Furthermore, since it was a term of the agreement and a condition
that the sale was
subject to the approval by the Mayoral Committee,
when the Mayoral Committee was presented with the agreement of sale
of the property
for R250 000, it refused to approve the sale and
indicated that it will approve a sale of the property in the sum of
not less
than R800 000 – hence the applicant had to make
up the sum of R800 000 by raising a further payment in the sum
of R550 000 which it paid into the trust account of the second
respondent.
[13]
It was contended by the second respondent that the applicant’s
claim is premised on the
basis that the R550 000 it paid into
the second respondent’s trust account is still lying in the
trust account. The
R550 000 is no longer lying in the second
respondent’s trust account since it was paid over to the City
of Johannesburg
by the second respondent and the applicant knew this
and should therefore have joined the City of Johannesburg as a party
in these
proceedings. At some point, so the argument went, the
applicant did issue an application wherein the City of Johannesburg
was cited
as a party but later abandoned same. It was contended
further that the second respondent is not liable to pay the applicant
the
said sum of R550 000 for it does not have it in its trust
account since it was paid over to the City of Johannesburg as per
the
agreement.
[14]
The respondents further averred that, although the addendum is titled
‘Rates and Taxes’
the additional R550 000 was paid
by the applicant as part of the purchase price as demanded by the
Mayoral Committee. The
title of the addendum as ‘rates and
taxes’ is misleading and was done at the request of the
attorney for the applicant
in order to avoid payment of a higher
amount of the transfer duty and the transfer costs. On receipt of the
sum of R550 000,
the second respondent then paid it over to the
City of Johannesburg – hence the Mayoral Committee approved the
sale and the
City of Johannesburg issued the rates clearance figures
of R127 205.72 which were then paid by the first respondent and
the
clearance certificate was issued.
[15]
The applicant contended that the first respondent is a party to the
agreement of purchase and
sale and to the addendum thereto as a
result whereof the applicant made a payment of R550 000 to the
second respondent who
is the firm of conveyancing attorneys chosen
and appointed by the first respondent. The payment of the sum of
R550 000 was,
so it was contended, made in order to effect the
registration of transfer of the property because the first respondent
could not
raise the sum required by the City of Johannesburg to issue
the rates clearance certificate. The agreement of purchase and sale
is clear that the payment of rates and taxes and procuring of the
clearance certificate to enable the conveyancers to effect the
transfer of the property was the sole responsibility of the first
respondent.
[16]
The applicant averred further that the purchase price of the property
is the sum of R250 000
and the first respondent was to pay for
the rates clearance certificate from this amount and the applicant
would assist if the
clearance figures were more than the R250 000.

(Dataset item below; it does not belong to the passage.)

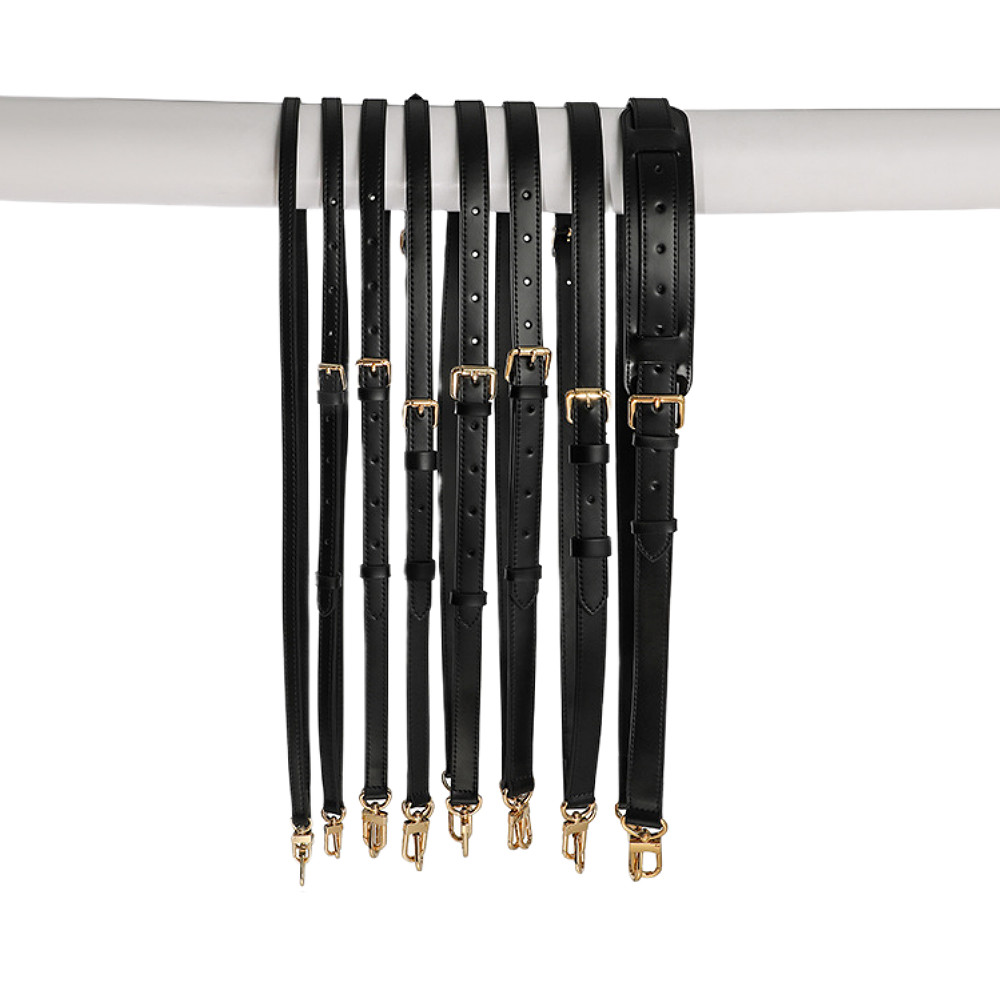 Black Genuine Leather Shoulder Crossbody Bag Replacement Handbag Strap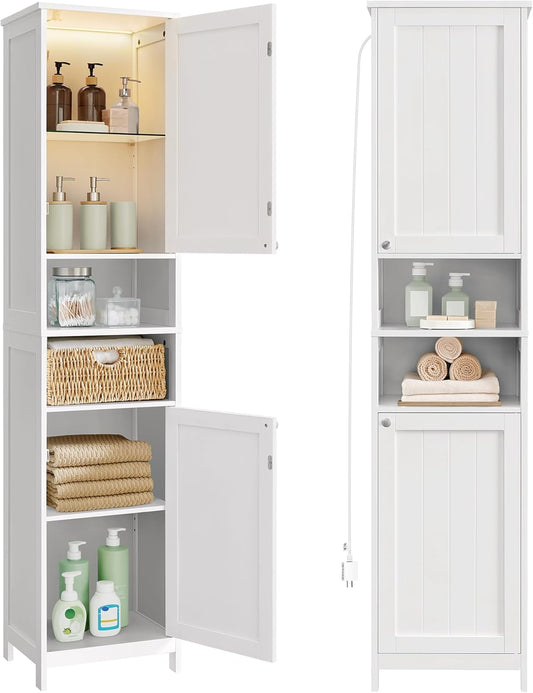 Tall Bathroom Cabinet with Lights, Slim Freestanding Bathroom Storage Cabinet with Adjustable Shelves, for Small Spaces, Modern, 15.7 Inches Wide, Cloud White UBBC766W02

However, the first respondent was unable to raise the required amount
for the rates
clearance – hence the delay in the registration
of the transfer. All the documents for the transfer of the property
demonstrate
that the purchase price is the sum of R250 000 and
the addendum as well stated that the amount paid to make up the sum
of
R800 000 was to be utilised for payment of the rates and
taxes in order to obtain the clearance certificate. The amount of
R550 000 was never intended to be forming part of the purchase
price. However, it is only a sum of R127 205.72 that was
paid
for the rates clearance certificate and therefore the R550 000
should be refunded to the applicant for it was not used.
[17]
It is now opportune for me to restate some of the relevant provisions
of the agreement of purchase
and sale and its addendum which provides
as follows:
“
Clause
2. Purchase Price
The purchase price is
the sum of R250 000 (Two Hundred and Fifty Thousand Rand)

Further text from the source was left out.